◆ **DATASET**
•••••
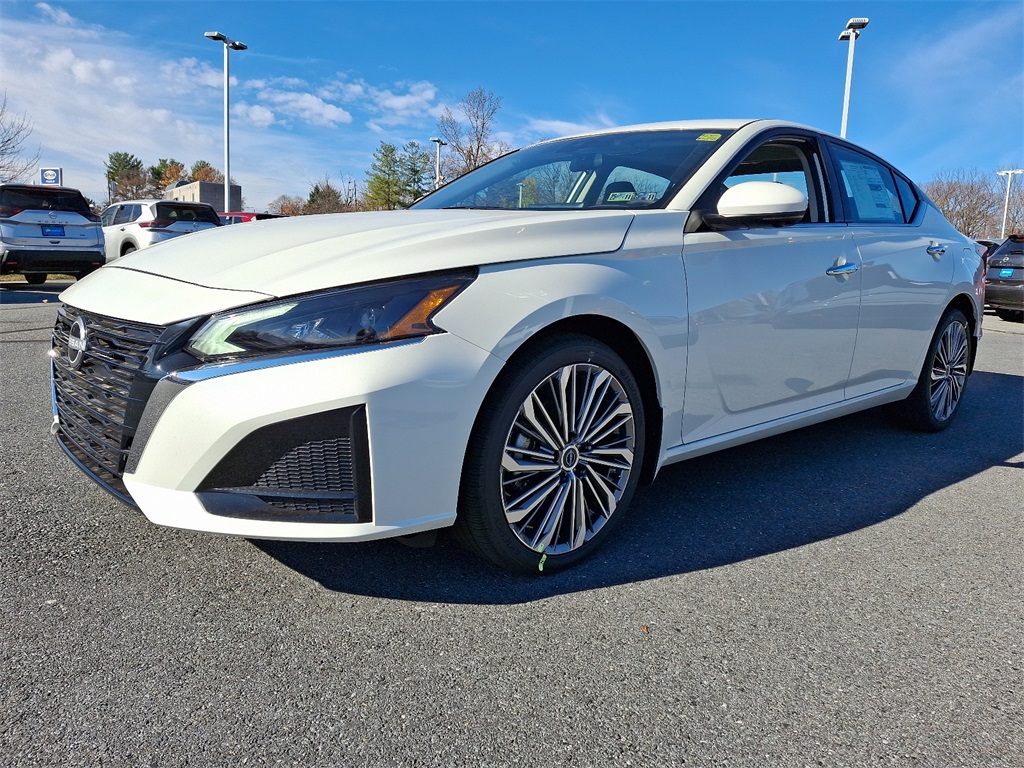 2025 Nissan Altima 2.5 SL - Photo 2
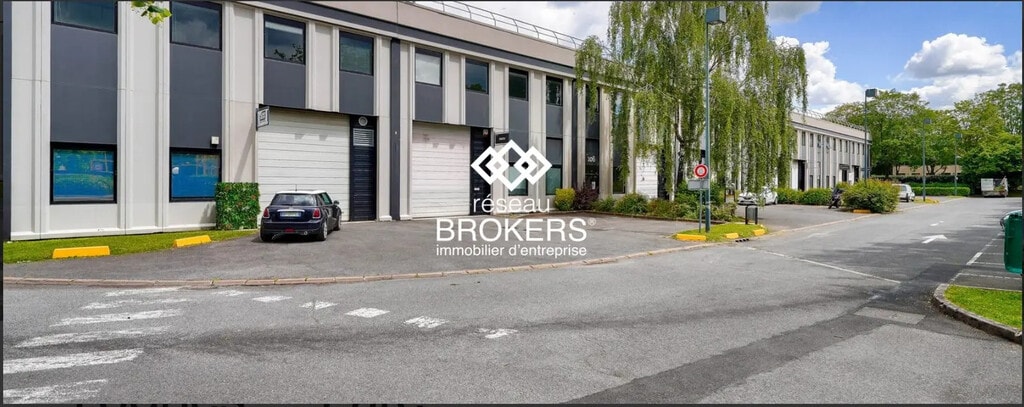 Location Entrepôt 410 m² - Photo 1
•••••
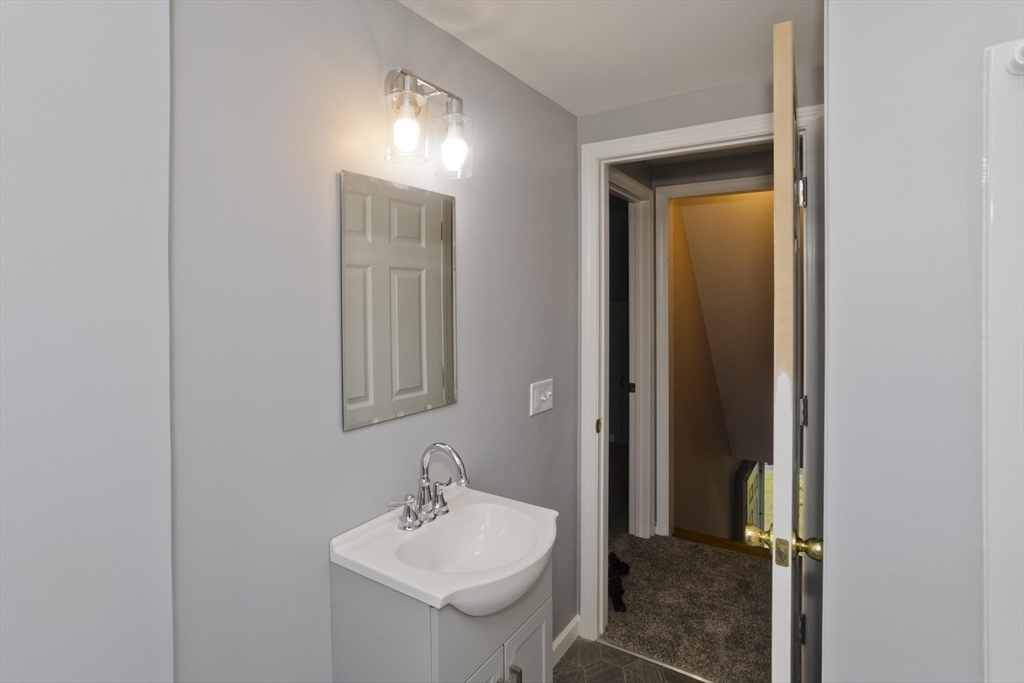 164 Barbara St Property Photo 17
•••••
◆ **THE PROBLEM**
Given the records above, return the lines starting at the one that holds "2025 Nissan Altima 2.5 SL - Photo 2" and ending at the one that holds "Location Entrepôt 410 m² - Photo 1", exactly, and nothing besides; leave every picture out.

◆ **RESULT FOR THIS EXERCISE**
 2025 Nissan Altima 2.5 SL - Photo 2
 Location Entrepôt 410 m² - Photo 1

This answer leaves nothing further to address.